TitleEthnographic process evaluation of a quality improvement project to improve transitions of care for older people
AuthorsElizabeth Sutton, Mary Dixon-Woods, Carolyn Tarrant
Published journalBMJ Open
Objectives Quality improvement projects to address transitions of care across care boundaries are increasingly common but meet with mixed success for reasons that are poorly understood. We aimed to characterise challenges in a project to improve transitions for older people between hospital and care homes.
Design Independent process evaluation, using ethnographic observations and interviews, of a quality improvement project.
Setting and participants An English hospital and two residential care homes for older people.
Data 32 hours of non-participant observations and 12 semistructured interviews with project members, hospital and care home staff.
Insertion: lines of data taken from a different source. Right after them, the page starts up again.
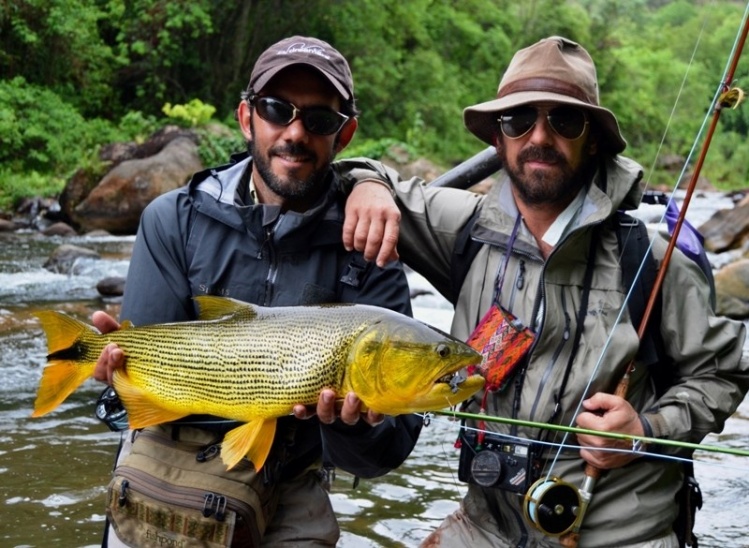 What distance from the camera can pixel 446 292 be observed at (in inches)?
153

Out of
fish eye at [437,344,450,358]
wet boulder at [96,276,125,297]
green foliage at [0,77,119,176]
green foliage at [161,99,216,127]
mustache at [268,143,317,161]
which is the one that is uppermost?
mustache at [268,143,317,161]

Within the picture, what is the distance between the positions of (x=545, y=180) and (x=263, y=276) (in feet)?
3.57

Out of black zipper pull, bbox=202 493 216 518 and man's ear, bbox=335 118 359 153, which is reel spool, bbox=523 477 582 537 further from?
man's ear, bbox=335 118 359 153

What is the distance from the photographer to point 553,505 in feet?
10.7

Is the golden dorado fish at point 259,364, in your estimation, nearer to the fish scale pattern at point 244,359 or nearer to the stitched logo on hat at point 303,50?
the fish scale pattern at point 244,359

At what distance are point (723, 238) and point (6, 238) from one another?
1322cm

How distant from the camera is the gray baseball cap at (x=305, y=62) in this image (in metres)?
3.35

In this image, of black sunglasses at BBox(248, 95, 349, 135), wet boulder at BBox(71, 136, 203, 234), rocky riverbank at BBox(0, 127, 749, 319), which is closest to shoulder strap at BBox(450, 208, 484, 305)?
black sunglasses at BBox(248, 95, 349, 135)

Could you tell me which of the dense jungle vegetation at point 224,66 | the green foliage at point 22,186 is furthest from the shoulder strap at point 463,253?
the green foliage at point 22,186

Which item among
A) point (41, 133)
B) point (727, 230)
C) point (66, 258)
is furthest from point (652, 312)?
point (41, 133)

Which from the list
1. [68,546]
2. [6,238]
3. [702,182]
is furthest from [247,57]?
[68,546]

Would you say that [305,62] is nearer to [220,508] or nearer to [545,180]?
[545,180]

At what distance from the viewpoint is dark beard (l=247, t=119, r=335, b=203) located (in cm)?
338

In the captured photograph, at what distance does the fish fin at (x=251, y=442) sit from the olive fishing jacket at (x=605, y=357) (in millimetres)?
917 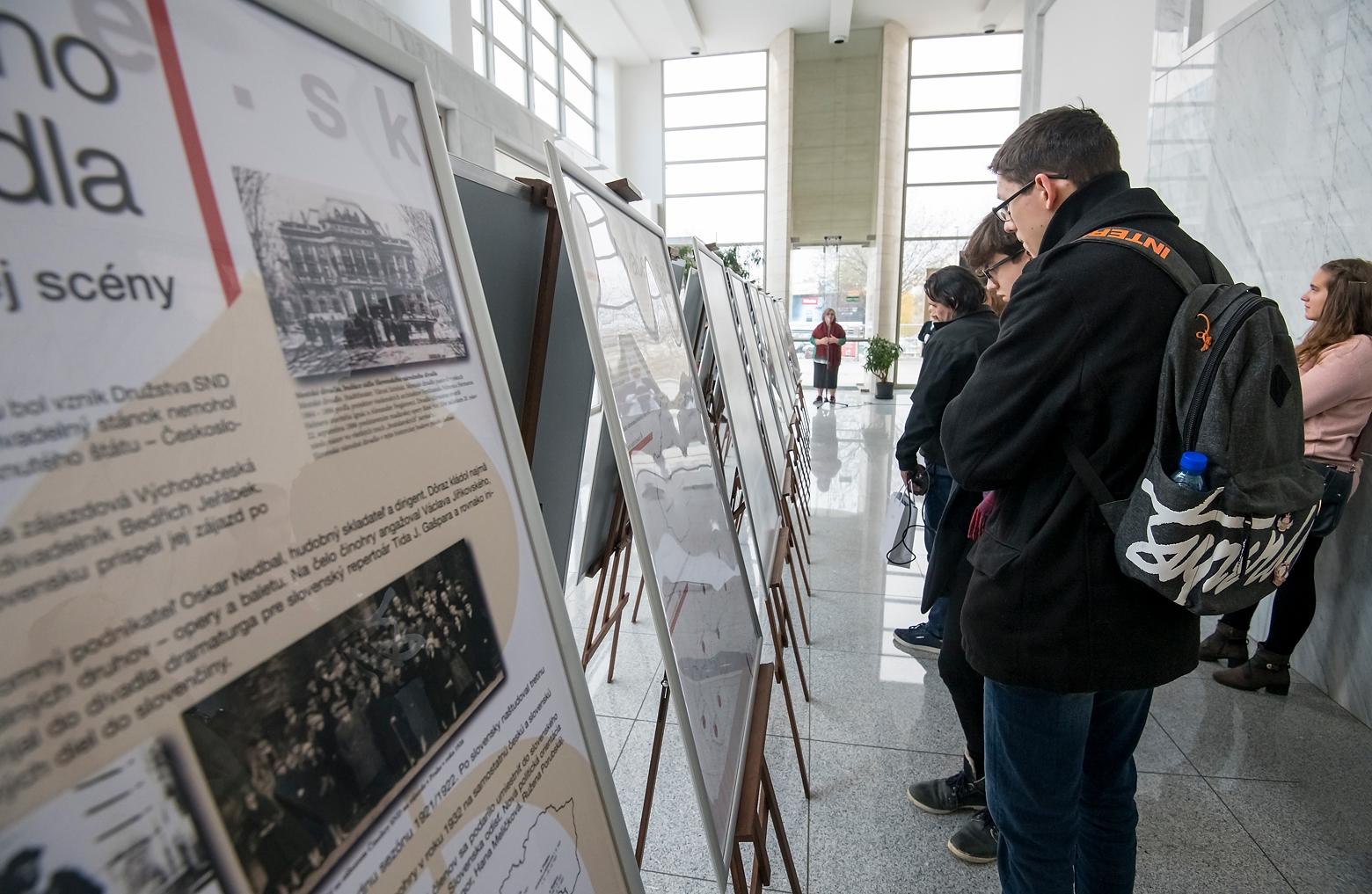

Results A hospital-based improvement team sought to reduce unplanned readmissions from residential care homes using interventions including a community-based geriatric team that could be accessed directly by care homes and a communication tool intended to facilitate transfer of information between homes and hospital. Only very modest (if any) impacts of these interventions on readmission rates could be detected. The process evaluation identified multiple challenges in implementing interventions and securing improvement. Many of these arose because of lack of consensus on the nature of the problem and the proper solutions: while the hospital team was keen to reduce readmissions and saw the problems as lying in poor communication and lack of community-based support for care homes, the care home staff had different priorities. Care home staff were unconvinced that the improvement interventions were aligned with their needs or addressed their concerns, resulting in compromised implementation.
Conclusions Process evaluations have a valuable role in quality improvement. Our study suggests that a key task for quality improvement projects aimed at transitions of care is that of developing a shared view of the problem to be addressed. A more participatory approach could help to surface assumptions, interpretations and interests and could facilitate the coproduction of solutions. This finding is likely to have broader applicability.